__SOURCE INFORMATION__
# # # #

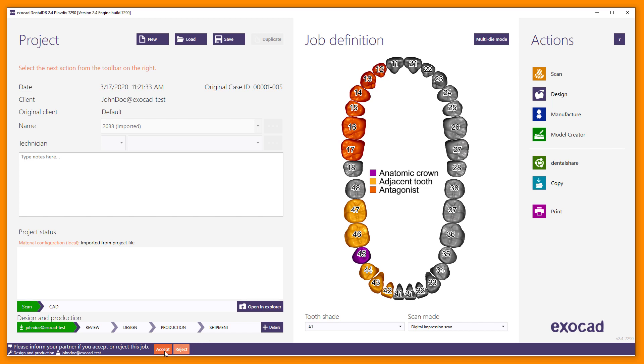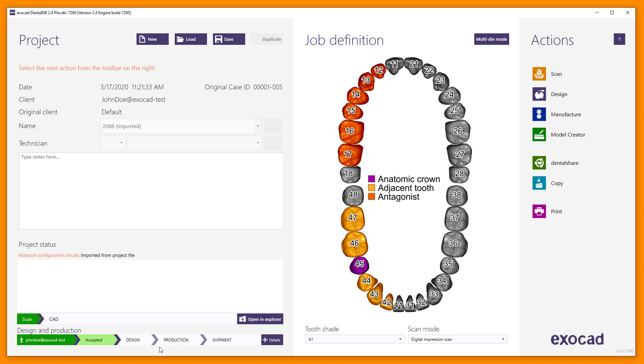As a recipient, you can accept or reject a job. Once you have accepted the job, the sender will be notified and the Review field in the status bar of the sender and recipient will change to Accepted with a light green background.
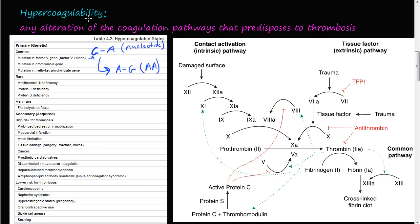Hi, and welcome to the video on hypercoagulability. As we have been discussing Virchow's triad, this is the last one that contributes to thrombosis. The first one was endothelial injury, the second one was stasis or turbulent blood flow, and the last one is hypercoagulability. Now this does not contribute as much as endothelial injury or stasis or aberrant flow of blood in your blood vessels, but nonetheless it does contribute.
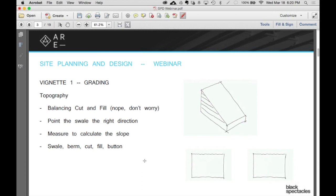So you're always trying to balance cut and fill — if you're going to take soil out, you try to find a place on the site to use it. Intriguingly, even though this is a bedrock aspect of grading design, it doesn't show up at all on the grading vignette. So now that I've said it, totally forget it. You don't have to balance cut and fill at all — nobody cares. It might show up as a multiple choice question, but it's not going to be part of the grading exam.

# # # #

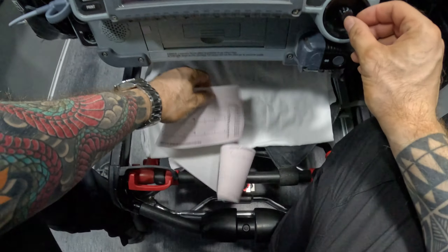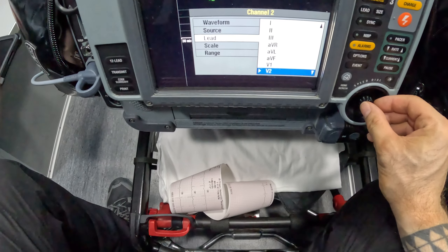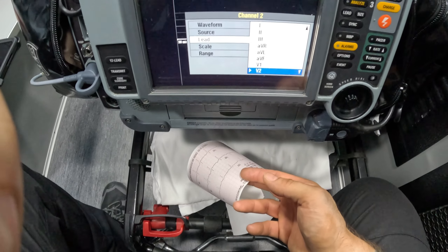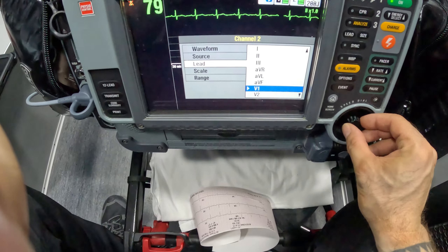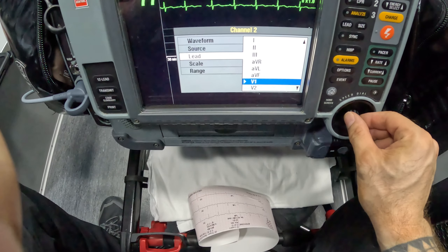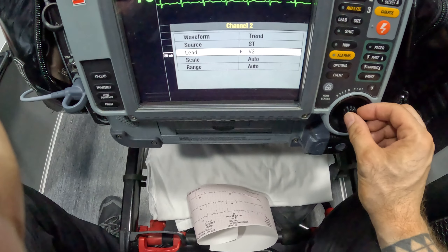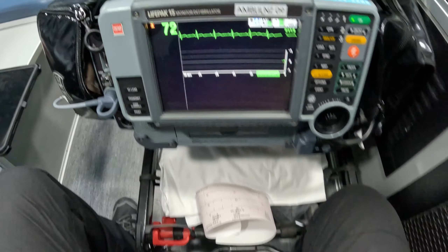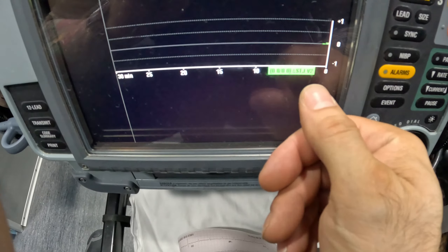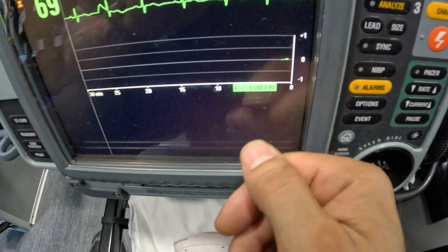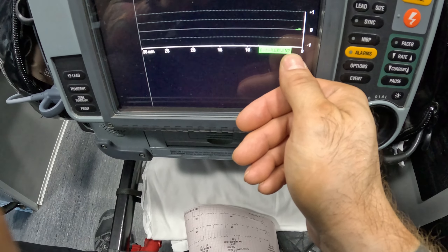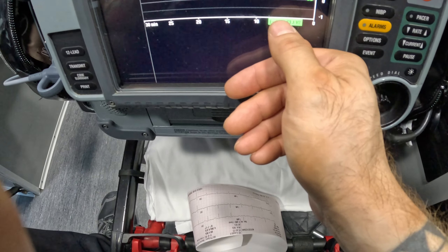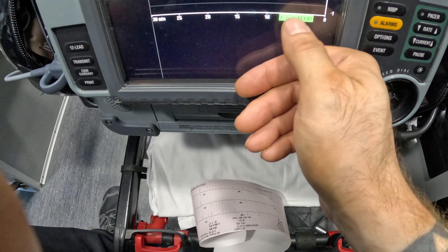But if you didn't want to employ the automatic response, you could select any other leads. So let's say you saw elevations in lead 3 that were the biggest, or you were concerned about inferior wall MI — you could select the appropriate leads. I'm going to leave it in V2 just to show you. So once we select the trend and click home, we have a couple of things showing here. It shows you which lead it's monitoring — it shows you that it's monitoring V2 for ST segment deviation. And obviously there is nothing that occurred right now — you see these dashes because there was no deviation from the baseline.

# # # #

Starting with the line above that holds "Hi, and welcome", restate each line word for word up to and including the line that holds "So you're always". Drop the pictures.

Hi, and welcome to the video on hypercoagulability. As we have been discussing Virchow's triad, this is the last one that contributes to thrombosis. The first one was endothelial injury, the second one was stasis or turbulent blood flow, and the last one is hypercoagulability. Now this does not contribute as much as endothelial injury or stasis or aberrant flow of blood in your blood vessels, but nonetheless it does contribute.
So you're always trying to balance cut and fill — if you're going to take soil out, you try to find a place on the site to use it. Intriguingly, even though this is a bedrock aspect of grading design, it doesn't show up at all on the grading vignette. So now that I've said it, totally forget it. You don't have to balance cut and fill at all — nobody cares. It might show up as a multiple choice question, but it's not going to be part of the grading exam.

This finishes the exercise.